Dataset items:
__________________________________________________

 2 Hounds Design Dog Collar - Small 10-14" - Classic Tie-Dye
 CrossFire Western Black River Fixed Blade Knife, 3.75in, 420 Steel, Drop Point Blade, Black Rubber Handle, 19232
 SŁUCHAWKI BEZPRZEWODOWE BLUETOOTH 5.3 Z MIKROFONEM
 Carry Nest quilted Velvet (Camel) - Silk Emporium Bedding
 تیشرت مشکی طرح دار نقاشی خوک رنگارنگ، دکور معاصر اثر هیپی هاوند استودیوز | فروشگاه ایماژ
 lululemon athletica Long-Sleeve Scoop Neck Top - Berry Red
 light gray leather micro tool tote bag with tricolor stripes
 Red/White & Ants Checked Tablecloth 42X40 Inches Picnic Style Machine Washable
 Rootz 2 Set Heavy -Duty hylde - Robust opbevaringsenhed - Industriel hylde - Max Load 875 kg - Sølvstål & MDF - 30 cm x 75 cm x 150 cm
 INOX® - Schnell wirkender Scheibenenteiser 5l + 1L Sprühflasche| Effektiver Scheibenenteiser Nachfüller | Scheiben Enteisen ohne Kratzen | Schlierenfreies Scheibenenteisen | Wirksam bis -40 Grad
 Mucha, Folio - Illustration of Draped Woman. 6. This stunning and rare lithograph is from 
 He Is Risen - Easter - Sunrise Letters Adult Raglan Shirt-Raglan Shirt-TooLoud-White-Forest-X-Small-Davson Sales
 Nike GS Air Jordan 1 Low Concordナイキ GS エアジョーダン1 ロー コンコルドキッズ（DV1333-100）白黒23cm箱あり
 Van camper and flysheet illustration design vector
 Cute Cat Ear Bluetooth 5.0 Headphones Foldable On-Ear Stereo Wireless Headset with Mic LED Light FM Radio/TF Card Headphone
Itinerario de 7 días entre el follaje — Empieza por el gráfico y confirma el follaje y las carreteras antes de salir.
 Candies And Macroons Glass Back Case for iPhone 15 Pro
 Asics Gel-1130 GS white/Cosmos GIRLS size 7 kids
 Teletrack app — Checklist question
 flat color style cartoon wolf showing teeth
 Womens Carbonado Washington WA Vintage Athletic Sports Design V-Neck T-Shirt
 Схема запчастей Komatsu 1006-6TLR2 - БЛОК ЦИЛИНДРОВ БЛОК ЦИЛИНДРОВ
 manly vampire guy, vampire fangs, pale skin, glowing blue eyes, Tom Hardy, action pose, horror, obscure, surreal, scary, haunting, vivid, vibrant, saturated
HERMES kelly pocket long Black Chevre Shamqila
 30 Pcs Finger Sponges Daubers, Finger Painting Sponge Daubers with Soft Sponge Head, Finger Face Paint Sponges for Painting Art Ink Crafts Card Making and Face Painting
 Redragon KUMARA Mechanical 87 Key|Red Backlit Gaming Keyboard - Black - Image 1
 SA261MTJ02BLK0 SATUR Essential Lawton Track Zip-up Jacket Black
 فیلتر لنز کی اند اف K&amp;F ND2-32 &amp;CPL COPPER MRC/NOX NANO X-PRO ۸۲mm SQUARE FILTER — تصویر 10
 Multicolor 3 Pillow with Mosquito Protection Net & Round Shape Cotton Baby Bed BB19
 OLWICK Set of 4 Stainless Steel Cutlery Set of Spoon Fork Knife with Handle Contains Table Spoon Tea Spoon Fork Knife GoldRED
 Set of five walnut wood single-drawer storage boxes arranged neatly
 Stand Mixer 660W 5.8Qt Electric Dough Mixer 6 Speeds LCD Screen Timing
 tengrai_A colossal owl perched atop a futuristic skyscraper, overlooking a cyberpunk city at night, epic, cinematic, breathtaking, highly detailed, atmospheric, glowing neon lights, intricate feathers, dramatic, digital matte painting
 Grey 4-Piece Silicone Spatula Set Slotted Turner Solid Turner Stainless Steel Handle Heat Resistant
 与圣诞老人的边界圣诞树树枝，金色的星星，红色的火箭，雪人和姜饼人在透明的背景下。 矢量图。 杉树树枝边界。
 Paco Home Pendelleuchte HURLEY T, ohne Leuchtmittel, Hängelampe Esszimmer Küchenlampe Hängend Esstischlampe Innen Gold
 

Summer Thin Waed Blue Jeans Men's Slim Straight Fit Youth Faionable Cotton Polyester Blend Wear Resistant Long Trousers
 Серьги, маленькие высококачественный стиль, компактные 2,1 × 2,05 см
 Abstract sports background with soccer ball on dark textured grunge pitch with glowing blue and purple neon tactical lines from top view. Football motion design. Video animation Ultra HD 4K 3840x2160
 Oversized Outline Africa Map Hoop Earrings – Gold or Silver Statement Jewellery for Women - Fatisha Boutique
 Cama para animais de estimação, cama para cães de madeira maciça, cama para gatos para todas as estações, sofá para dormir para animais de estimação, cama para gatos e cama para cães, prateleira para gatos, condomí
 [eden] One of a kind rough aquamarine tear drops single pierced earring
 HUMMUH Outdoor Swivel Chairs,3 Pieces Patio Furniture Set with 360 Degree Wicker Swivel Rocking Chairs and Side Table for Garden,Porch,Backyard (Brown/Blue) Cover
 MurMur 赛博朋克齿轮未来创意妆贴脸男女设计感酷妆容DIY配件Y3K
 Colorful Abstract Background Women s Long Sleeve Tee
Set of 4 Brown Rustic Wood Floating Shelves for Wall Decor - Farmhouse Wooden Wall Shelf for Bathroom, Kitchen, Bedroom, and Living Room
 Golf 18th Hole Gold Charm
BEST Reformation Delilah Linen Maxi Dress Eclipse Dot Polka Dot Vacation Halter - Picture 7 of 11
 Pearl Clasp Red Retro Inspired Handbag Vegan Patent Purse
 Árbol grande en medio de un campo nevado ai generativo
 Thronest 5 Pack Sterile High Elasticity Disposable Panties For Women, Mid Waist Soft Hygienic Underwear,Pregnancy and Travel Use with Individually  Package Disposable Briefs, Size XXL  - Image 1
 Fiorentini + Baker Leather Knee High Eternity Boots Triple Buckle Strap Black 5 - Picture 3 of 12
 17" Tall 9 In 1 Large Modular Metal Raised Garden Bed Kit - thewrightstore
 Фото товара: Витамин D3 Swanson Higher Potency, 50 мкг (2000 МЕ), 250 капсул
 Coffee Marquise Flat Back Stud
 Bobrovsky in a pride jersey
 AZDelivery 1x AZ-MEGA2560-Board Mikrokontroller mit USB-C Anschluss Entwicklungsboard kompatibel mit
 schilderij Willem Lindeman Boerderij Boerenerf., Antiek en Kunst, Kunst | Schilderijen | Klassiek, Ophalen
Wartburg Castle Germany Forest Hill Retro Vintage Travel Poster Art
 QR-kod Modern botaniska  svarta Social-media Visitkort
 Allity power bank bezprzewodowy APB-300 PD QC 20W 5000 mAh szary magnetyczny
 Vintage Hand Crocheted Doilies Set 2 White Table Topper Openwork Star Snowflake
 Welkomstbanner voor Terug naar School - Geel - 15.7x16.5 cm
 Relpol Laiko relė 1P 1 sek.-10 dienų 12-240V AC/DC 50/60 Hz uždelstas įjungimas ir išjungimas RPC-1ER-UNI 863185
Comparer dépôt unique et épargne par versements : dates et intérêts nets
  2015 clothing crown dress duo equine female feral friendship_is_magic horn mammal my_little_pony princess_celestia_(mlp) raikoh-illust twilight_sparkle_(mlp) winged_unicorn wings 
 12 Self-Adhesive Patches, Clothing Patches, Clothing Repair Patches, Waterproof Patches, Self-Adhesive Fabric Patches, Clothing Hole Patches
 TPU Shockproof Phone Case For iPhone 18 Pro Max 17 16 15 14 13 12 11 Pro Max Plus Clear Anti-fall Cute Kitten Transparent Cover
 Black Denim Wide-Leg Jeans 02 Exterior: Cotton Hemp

__________________________________________________

Using the records above, copy each line that contains "Picture".

Exercise output ▸
BEST Reformation Delilah Linen Maxi Dress Eclipse Dot Polka Dot Vacation Halter - Picture 7 of 11
 Fiorentini + Baker Leather Knee High Eternity Boots Triple Buckle Strap Black 5 - Picture 3 of 12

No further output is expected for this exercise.